In another bitter falling-out, Marcos fired a longtime aide, Information Minister Francisco Tatad, because Tatad insisted on naming a political slate in his home province of Catanduanes, southeast of the main island of Luzon. Marcos angrily denounced him as the "spoiled boy" of his Cabinet and by implication accused him of arrogance and corruption.

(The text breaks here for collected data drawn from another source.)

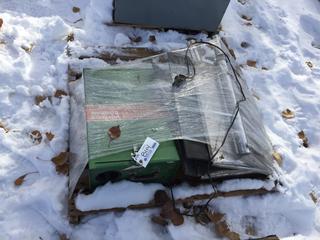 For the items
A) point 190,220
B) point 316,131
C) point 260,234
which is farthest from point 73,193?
point 316,131

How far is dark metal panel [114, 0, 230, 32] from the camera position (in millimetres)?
2383

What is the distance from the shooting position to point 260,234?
192 centimetres

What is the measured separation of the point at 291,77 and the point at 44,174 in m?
1.81

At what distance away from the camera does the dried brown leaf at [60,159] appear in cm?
188

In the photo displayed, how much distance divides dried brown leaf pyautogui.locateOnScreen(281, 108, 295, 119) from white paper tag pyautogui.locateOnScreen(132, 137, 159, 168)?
1131 mm

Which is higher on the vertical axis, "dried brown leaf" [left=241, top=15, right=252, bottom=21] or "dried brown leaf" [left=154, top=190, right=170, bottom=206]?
"dried brown leaf" [left=241, top=15, right=252, bottom=21]

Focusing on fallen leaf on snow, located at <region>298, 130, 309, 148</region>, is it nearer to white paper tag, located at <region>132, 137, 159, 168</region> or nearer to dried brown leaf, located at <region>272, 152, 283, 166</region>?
dried brown leaf, located at <region>272, 152, 283, 166</region>

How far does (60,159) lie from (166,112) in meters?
0.60

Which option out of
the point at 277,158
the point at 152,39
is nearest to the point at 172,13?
the point at 152,39

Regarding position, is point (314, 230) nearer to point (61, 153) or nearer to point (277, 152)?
point (277, 152)

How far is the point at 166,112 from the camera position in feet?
6.00

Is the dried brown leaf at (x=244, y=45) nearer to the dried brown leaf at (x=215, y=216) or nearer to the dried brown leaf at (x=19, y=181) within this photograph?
the dried brown leaf at (x=215, y=216)

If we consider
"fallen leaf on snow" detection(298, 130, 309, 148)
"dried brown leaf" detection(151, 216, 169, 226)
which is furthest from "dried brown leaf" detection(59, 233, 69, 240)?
"fallen leaf on snow" detection(298, 130, 309, 148)

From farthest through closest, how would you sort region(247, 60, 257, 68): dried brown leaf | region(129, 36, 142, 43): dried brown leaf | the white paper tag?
1. region(247, 60, 257, 68): dried brown leaf
2. region(129, 36, 142, 43): dried brown leaf
3. the white paper tag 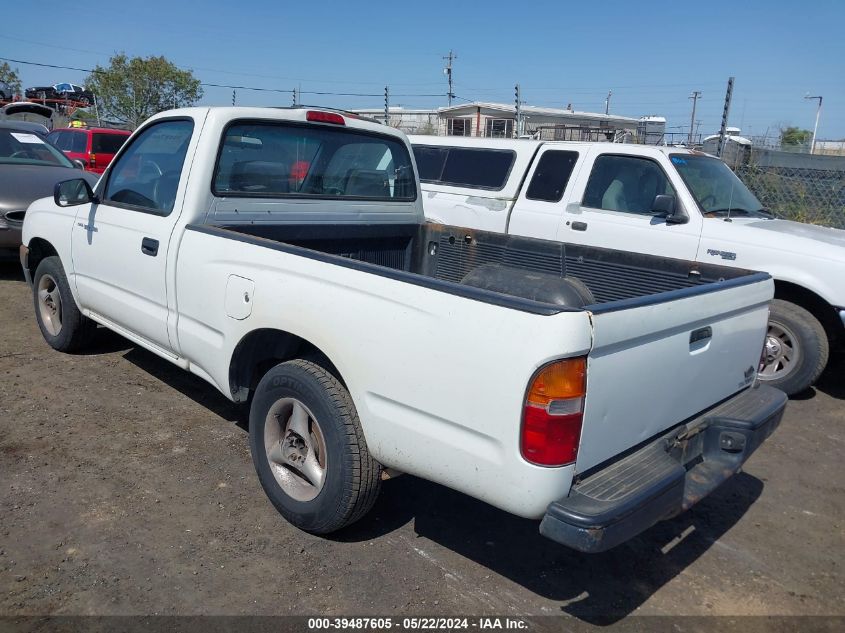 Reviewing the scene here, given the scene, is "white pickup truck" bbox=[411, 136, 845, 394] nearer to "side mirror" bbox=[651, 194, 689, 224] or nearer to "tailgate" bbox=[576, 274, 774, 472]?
"side mirror" bbox=[651, 194, 689, 224]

None of these troubles represent serious danger to Marcos' rule, observers here say, but they show a tide of dissent that is rising rather than falling. Marcos at times has seemed despondent. Last September he complained of a "return to the same cynicism that started the proclamation of martial law" and cited "the same corruption, the same dishonesty and the same self-centered selfishnes."'
He also has been called on repeatedly to deny a series of rumors that he is seriously ill. These rumors started after his face appeared to be puffed up, as though he had been taking strong medication. In several interviews last week, friends insisted Marcos, 62, is a healthy man who diets carefully and exercises regularly. He has maintained a vigorous schedule during the current local election campaigns. One friend said the facial pufines occurred in a brief period when Marcos, at the urging of his wife Imelda, had gone off his usual rigorous diet.
The Aquino plan for phasing out martial law was disclosed by Marcos early this month, at a time when the former opposition senator was at his home for a three-week holiday from his cell in Fort Bonifacio prison.
Marcos revealed the plan in an interview with the Bangkok Post. He said he would meet soon with Aquino to discuss his idea of setting up a "council of elders" to advise on martial law; which might include Aquino and two other well-known opposition leaders, Jose Diokno and Lorenzo Tanada. Marcos was quoted as saying he hoped to reach a "deliberate consensus."
Aquino, 47, had sent the idea privately to Marcos from his prison cell in October and was surprised when the president publicly disclosed it.
The other opposition leaders were critical. Diokno flatly rejected any cooperation while martial law is in effect. Tanada said last week he would not participate unless Marcos displayed "concrete signs of sincerity." That would include a return to press freedom, repeal of the suspension of habeas corpus, and a lifting of the ban on labor strikes.
Aquino incorporated Tanada's points and issued a full explanation of his plan that calls for a plebiscite on a new form of government in November 1981, and national elections a year later. Martial law would end on Jan. 1, 1983, when the new government took over.
To the surprise of many observers, Aquino advised his colleagues in the opposition to stop being so suspicious of the Marcos government and said that "good faith" is required in order to get any kind of dialogue underway.
Aquino returned to prison to mid-January without meeting with Marcos, but the president subsequently said he still plans to meet with him.
Marcos' associates said last weeek they expect the meeting to be held soon after Wednesday's local elections.